### Given records
===
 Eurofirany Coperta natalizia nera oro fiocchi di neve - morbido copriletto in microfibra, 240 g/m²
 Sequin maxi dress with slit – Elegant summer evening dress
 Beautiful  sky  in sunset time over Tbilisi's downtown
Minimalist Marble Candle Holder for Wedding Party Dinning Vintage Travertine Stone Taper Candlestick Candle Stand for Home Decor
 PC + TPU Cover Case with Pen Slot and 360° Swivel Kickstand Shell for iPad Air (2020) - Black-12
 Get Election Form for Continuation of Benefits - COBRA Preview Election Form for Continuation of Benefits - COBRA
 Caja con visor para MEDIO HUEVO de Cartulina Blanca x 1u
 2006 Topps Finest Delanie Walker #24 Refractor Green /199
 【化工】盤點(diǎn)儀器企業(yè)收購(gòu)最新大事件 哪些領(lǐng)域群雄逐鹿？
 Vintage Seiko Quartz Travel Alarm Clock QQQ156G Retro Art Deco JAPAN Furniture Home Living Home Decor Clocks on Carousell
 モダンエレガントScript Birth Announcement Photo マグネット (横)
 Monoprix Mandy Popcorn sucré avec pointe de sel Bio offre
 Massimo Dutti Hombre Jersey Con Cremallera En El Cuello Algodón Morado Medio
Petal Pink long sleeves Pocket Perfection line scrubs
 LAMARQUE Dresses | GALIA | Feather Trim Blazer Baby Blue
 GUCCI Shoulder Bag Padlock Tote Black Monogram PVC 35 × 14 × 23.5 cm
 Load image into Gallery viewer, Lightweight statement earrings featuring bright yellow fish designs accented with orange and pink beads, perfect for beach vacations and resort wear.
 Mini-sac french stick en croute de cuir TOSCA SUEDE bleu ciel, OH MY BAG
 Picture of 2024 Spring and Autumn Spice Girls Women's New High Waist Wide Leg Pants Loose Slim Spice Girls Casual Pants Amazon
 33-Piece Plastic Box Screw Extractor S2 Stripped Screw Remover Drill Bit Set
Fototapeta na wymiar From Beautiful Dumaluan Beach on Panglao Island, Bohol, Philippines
===
### Task statement
The required output is every line above from the one with "Sequin maxi dress" down to the one with "Minimalist Marble Candle", restated word for word, ends included.

### Answer below
 Sequin maxi dress with slit – Elegant summer evening dress
 Beautiful  sky  in sunset time over Tbilisi's downtown
Minimalist Marble Candle Holder for Wedding Party Dinning Vintage Travertine Stone Taper Candlestick Candle Stand for Home Decor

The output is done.